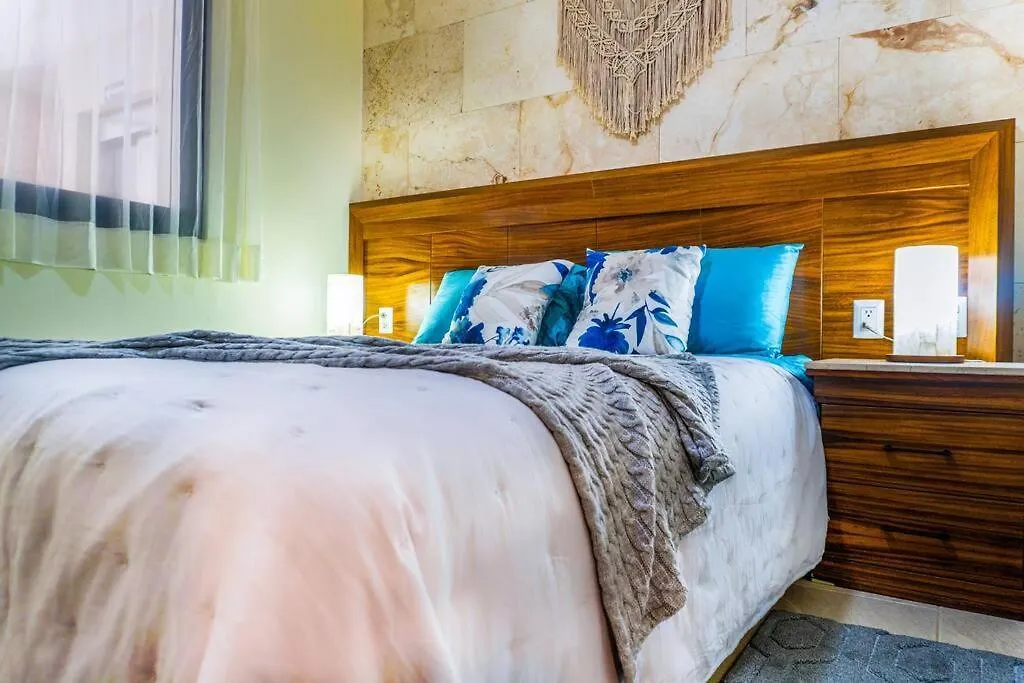 Departamento A 7 Min Del Mar Apartment Playa del Carmen 0*,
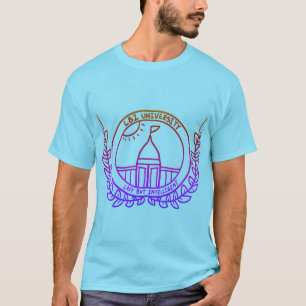 CAMISETA MARCA COMERCIAL DE LA UNIVERSIDAD LBI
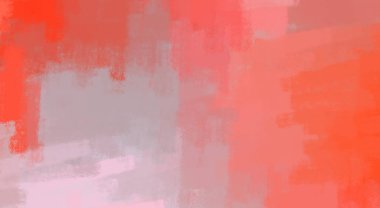 Taranmış Boyalı Soyut Arkaplan. Fırça darbesi ile boyanmış. Sanatsal canlılık ve renkli duvar kağıdı.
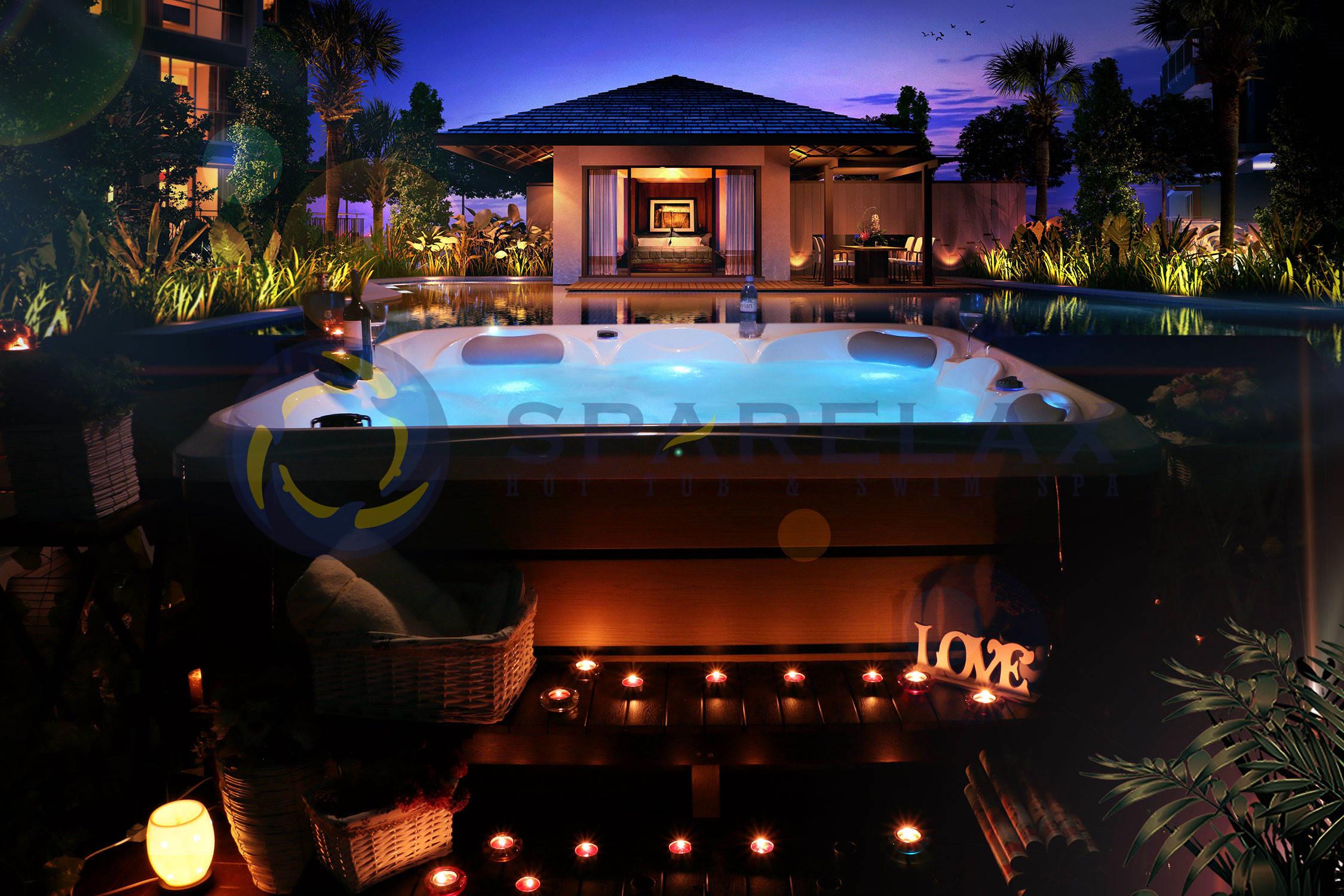 China hot tub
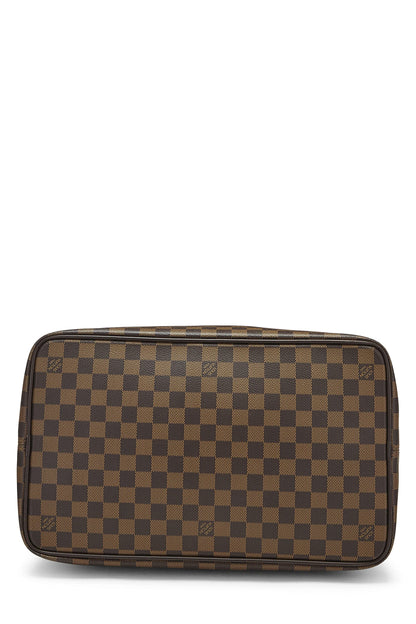 Louis Vuitton, Damier Ebene Greenwich PM d'occasion, marron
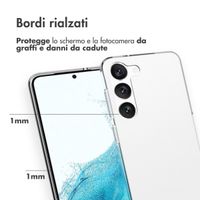 Accezz Clear Backcover Samsung Galaxy S23 - Transparant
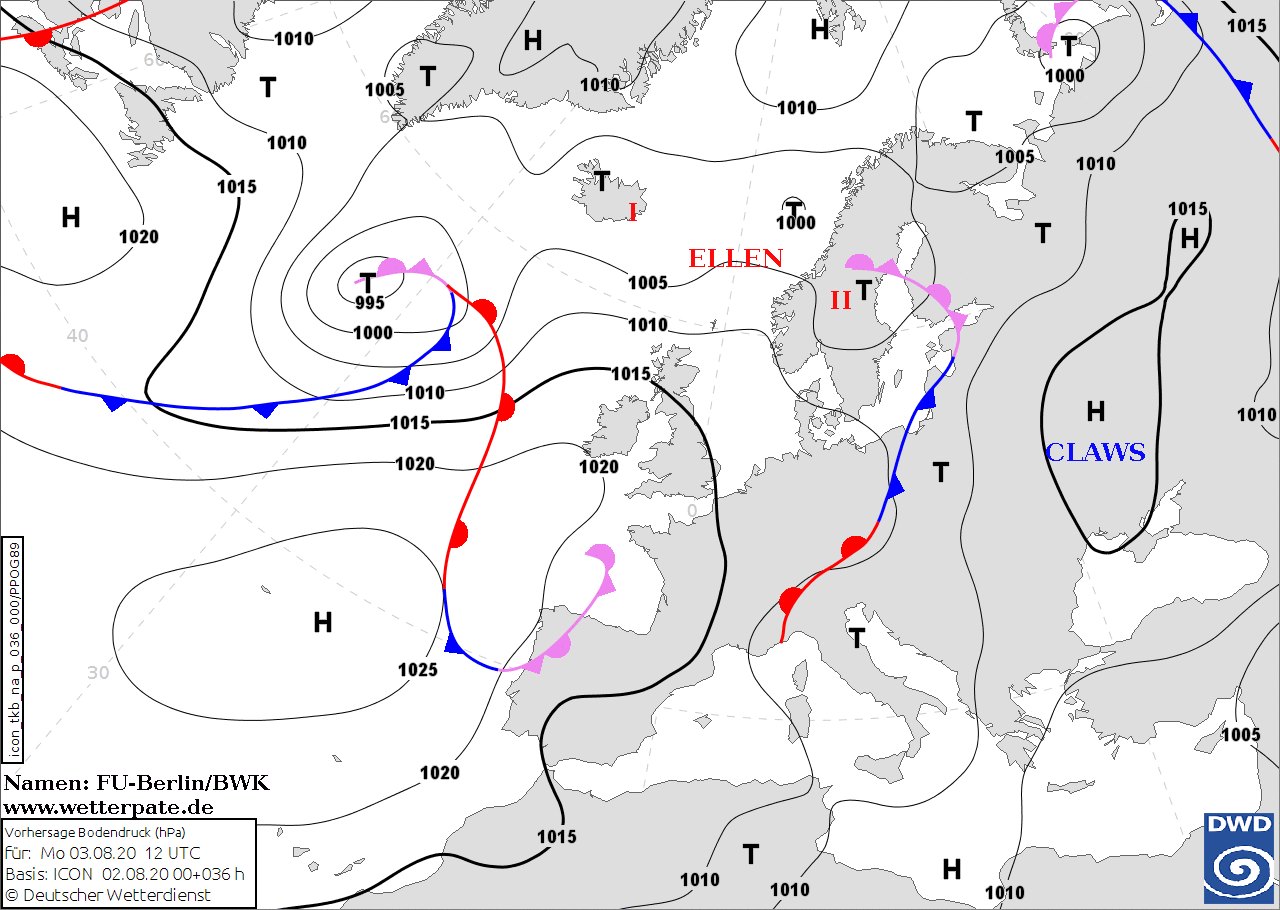 Приближается антициклон Claws: синоптик резко изменила прогноз на понедельник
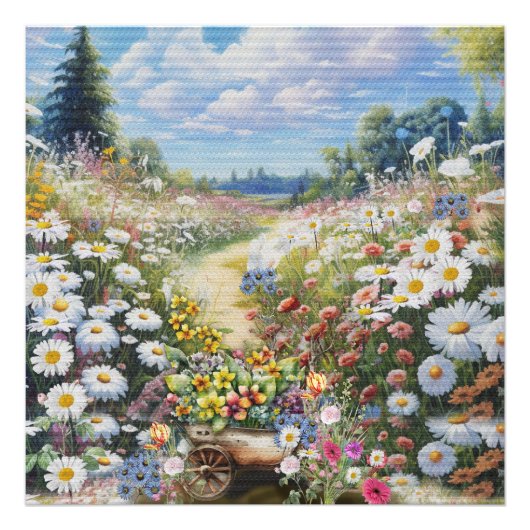 花の言語 フォトプリント            (正面)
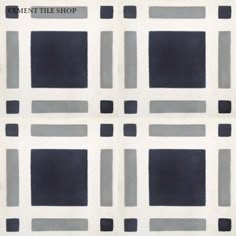 the cover of emit the shop's album, with squares and rectangles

================

Exactly as written, return each line above and leave the pictures behind.

Solution below
 Departamento A 7 Min Del Mar Apartment Playa del Carmen 0*,
 CAMISETA MARCA COMERCIAL DE LA UNIVERSIDAD LBI
 Taranmış Boyalı Soyut Arkaplan. Fırça darbesi ile boyanmış. Sanatsal canlılık ve renkli duvar kağıdı.
 China hot tub
 Louis Vuitton, Damier Ebene Greenwich PM d'occasion, marron
 Accezz Clear Backcover Samsung Galaxy S23 - Transparant
 Приближается антициклон Claws: синоптик резко изменила прогноз на понедельник
 花の言語 フォトプリント            (正面)
 the cover of emit the shop's album, with squares and rectangles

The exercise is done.